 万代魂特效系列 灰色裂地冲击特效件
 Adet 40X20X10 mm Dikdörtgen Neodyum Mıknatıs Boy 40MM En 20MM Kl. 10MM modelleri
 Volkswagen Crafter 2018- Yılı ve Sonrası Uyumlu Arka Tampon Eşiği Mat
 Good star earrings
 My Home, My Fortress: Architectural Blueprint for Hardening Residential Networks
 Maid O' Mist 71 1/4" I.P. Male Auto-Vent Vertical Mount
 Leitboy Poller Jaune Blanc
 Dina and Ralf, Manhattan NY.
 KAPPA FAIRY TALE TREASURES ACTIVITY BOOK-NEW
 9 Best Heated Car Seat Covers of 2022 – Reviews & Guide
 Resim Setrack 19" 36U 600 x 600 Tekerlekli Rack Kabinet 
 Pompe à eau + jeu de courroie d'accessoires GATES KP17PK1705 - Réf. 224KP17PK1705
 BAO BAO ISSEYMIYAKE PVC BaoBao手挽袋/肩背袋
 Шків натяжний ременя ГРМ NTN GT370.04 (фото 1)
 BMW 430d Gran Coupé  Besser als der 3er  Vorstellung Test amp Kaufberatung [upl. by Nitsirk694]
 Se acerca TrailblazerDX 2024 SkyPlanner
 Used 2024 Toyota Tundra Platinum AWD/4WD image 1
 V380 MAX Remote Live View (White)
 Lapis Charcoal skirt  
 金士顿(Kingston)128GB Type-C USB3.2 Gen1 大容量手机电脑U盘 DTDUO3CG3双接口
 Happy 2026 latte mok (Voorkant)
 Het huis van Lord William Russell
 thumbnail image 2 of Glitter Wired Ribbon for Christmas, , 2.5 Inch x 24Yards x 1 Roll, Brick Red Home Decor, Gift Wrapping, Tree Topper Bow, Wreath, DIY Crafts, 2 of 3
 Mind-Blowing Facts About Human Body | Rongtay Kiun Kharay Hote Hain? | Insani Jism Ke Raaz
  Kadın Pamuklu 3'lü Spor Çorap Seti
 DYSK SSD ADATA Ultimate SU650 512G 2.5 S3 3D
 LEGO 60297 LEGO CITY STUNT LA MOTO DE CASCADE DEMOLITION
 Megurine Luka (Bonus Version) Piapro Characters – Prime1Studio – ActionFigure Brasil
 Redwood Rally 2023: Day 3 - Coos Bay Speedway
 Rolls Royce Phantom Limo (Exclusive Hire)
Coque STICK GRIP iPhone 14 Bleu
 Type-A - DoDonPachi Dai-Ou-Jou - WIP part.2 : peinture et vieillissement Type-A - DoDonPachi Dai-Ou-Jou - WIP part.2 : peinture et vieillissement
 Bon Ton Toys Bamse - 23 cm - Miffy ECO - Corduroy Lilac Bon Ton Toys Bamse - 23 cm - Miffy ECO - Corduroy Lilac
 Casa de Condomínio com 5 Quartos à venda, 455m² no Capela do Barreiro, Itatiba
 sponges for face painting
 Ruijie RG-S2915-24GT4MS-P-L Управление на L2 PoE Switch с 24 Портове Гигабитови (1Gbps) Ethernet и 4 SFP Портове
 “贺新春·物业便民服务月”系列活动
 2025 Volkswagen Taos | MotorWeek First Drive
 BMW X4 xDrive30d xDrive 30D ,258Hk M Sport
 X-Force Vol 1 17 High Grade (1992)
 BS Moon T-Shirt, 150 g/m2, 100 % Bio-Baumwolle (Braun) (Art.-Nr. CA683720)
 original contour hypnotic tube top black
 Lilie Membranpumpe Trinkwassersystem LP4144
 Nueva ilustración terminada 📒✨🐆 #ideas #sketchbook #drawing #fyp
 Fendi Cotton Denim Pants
* * * * * * *
_Your goal_
Your answer should be the lines of the listing above between the line holding "Coque STICK GRIP iPhone 14 Bleu" and the line holding "sponges for face painting", inclusive, restated word for word and alone.

_Result of the exercise_
Coque STICK GRIP iPhone 14 Bleu
 Type-A - DoDonPachi Dai-Ou-Jou - WIP part.2 : peinture et vieillissement Type-A - DoDonPachi Dai-Ou-Jou - WIP part.2 : peinture et vieillissement
 Bon Ton Toys Bamse - 23 cm - Miffy ECO - Corduroy Lilac Bon Ton Toys Bamse - 23 cm - Miffy ECO - Corduroy Lilac
 Casa de Condomínio com 5 Quartos à venda, 455m² no Capela do Barreiro, Itatiba
 sponges for face painting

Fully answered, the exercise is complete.